Release Date: 1981 (A&M Records)
Songs By Jim Vallance: Comin' Home
Don't Look Now
Fits Ya Good
Last Chance
Lonely Nights
One Good Reason
Tonight
You Want It You Got It
Charts: #118 - Billboard Album Chart / 1982 (13 weeks on chart)
#78 - UK Chart / September 1985
#50 - Canadian Chart
Certification: Gold (50,000 Canadian sales) 1982
Comments:
While our song-writing skills had improved considerably since Bryan's first album two years earlier, it's the addition of producer Bob Clearmountain that really made the difference on "You Want It You Got It".

Bob also set a higher standard by hiring a number of seasoned New York session musicians, several of whom would continue working with Bryan for decades.
 
The combination of Bob's production skills and the musicians' expertise gave "You Want It, You Got It" significantly more punch than Bryan's previous album.
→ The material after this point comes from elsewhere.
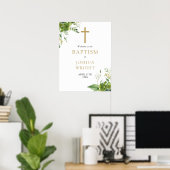 Greenery Baptism Christening Welkomstteken Poster (Thuiskantoor)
More importantly, Adams had "found" his voice. Gone were the effeminate affectations of his "Sweeney Todd" days.   He was now delivering the throaty vocal style that would become his trademark.
Bob Clearmountain >
 
 
Having co-produced Bryan's first album I naturally assumed I'd be "at the helm" for the second album as well. 

I happened to be in Toronto when Bryan performed for a few hundred enthusiastic fans at the El Mocambo club on October 27, 1981 (the Rolling Stones had played a rare gig
there a few years earlier). Bryan put on a great show, and I met him backstage afterwards.  Then Bryan's manager, Bruce Allen, took me aside.  He said he had some bad news for me ... I wouldn't be producing Bryan's next album. 

I was shocked!  Stunned!  Producing meant everything to me.  It was a big part of "who I was" (or at least who I thought I was).  It was a devastating moment.

Looking back, nearly 40 years later, I know Bruce was right (although Bruce was probably just the messenger ... it was more likely Adams and A&R man David Kerschenbaum who made the decision).  The truth is, as a producer I wasn't capable of taking Bryan to the next level.  Had I produced "You Want It You Got It" I'm certain Bryan's career would have been further delayed, perhaps irreparably side-tracked.  Bringing in Bob Clearmountain ensured that the "team" -- including me as a songwriter -- would be stronger.  Bryan knew that.  It just took me a little longer to figure it out for myself. 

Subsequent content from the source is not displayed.